All The News Fit To Print (Part I)
The New York Times’s masthead logo, "All The News That’s Fit to Print," dates back to 1896, the first year of Ochs-Sulzberger family control of the paper, and both the family control and arrogant belief in the benevolence and superior judgment of the dominant owners persist to this day. The 1997 Proxy Statement of The New York Times Company explains the special voting rights that assure family control in terms of the desire for "an independent newspaper, entirely fearless, free of ulterior influence and unselfishly devoted to the public welfare."
The paper’s independence, however, and the century-long accretion of influence and wealth by the owners, has been contingent on their defining public welfare in a manner acceptable to their elite audience and advertisers. In the 1993 debate over the North American Free Trade Agreement (NAFTA), for example, the Times was aggressively supportive of the agreement, and solicited its advertisers to participate in advertorials with a letter touting the "central importance…of this important cause" and the need to educate the public on NAFTA’s merits, which polls showed that most citizens failed to appreciate. As the paper regularly takes positions on domestic and foreign policy issues within parameters acceptable to business and political elites, it is evident that the owners have failed to escape class, if not selfish, interests in defining public welfare and what’s fit to print.
In debates within the range of elite opinion, moreover, the Times has not been "fearless," even in the face of gross outrages against law, morality, and the general interest. During the McCarthy era, for example, the management buckled under to the Eastland Committee by firing former communist employees, who spoke freely to management but would not inform on others, and more generally it failed to oppose the witch hunt with vigor and on the basis of principle. An editorial of August 6, 1948, attacking the use of the Fifth Amendment before the House Committee on Unamerican Activities, was written by the publisher, Arthur Hays Sulzberger.
Among other cases, the paper did not oppose the Vietnam War till late in the game, and then on grounds of unwinnability and excessive cost to us; it failed to oppose the U.S. sponsorship of a system of National Security States in Latin America, or the Central America wars, and protected these murderous enterprises by eye aversion and biased reporting. Even Reagan’s "supply side economics" was treated gently by the editors ("No one else has yet offered an option half so grand for dealing with stagflation," ed., March 17, 1981), and the paper’s top reporter, James Reston, stated, falsely, that Reaganomics involved "a serious attempt…to spread the sacrifices equally among all segments of society" (February 22, 1981).
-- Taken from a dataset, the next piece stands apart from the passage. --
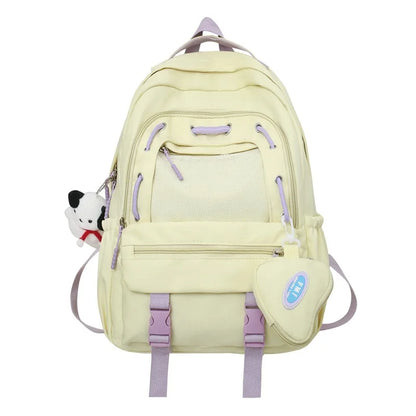 Korean Style Women Multi Pockets Backpacks Preppy Honeycomb Breathable Girl Students School Bags Teenager ShoulderBags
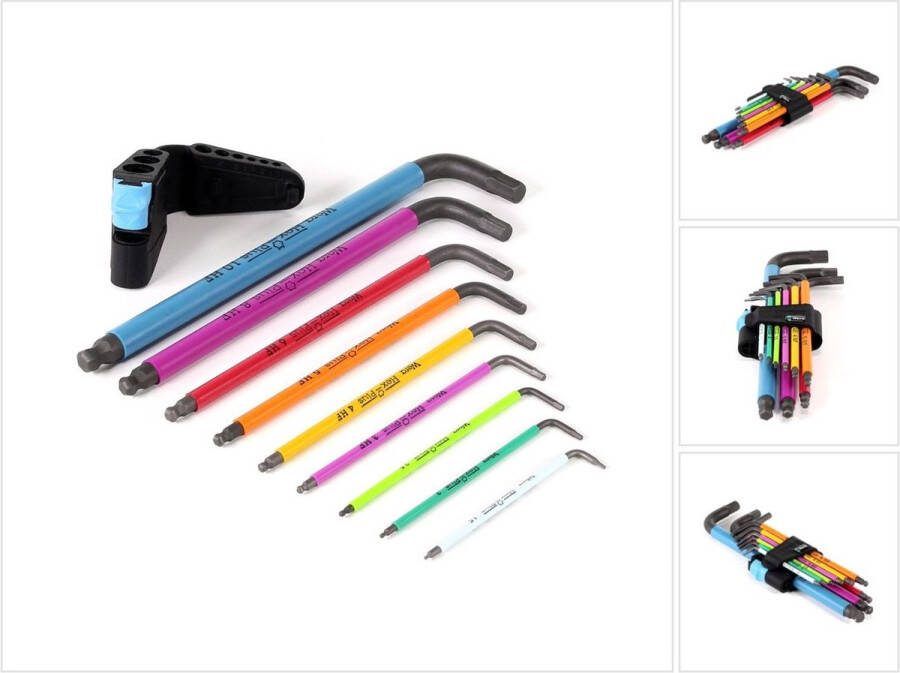 Wera 05022210001 950 SPKL 9 SM HF 9 Delige Hex-plus multicolour inbussleutelset 1 5-10mm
The Times played a supportive propaganda role in the huge Carter-Reagan era military buildup to contest the inflated Soviet Threat; and its highly favorable review of The Bell Curve, and more recent extensive publicity given the Thernstroms, have been notable contributions to the ongoing assault on affirmative action.
The dominant owners of The New York Times Company—a holding company—control a large and complex business organization, which had 1997 revenues of $2.9 billion and earnings of $262 million. Among its 50 or more subsidiaries, the Times Company owns 21 newspapers in addition to the New York Times and Boston Globe, 8 TV and 2 radio stations, various electronic and other news and distribution services, a magazine group with a specialty in golf, forest products companies, and 50 percent ownership of the International Herald Tribune, with the Washington Post owning the balance.
The holding company’s Class A stock is listed on the New York Stock Exchange and traded at about $65 per share in February 1998. The Sulzberger family owns 17.5 million shares of the 97.6 million Class A shares outstanding, or 18 percent; but it owns at least 87 percent of the 425,000 Class B shares, which are entitled to elect a majority (nine) of the 14 directors. The value of the Sulzberger family holdings in February 1998 amounted to $1.2 billion. In 1997, family members Arthur Ochs Sulzberger and Arthur Ochs Sulzberger, Jr. also drew compensation from the company in salaries, bonuses, and options, totaling $1.5 million and $1 million, respectively.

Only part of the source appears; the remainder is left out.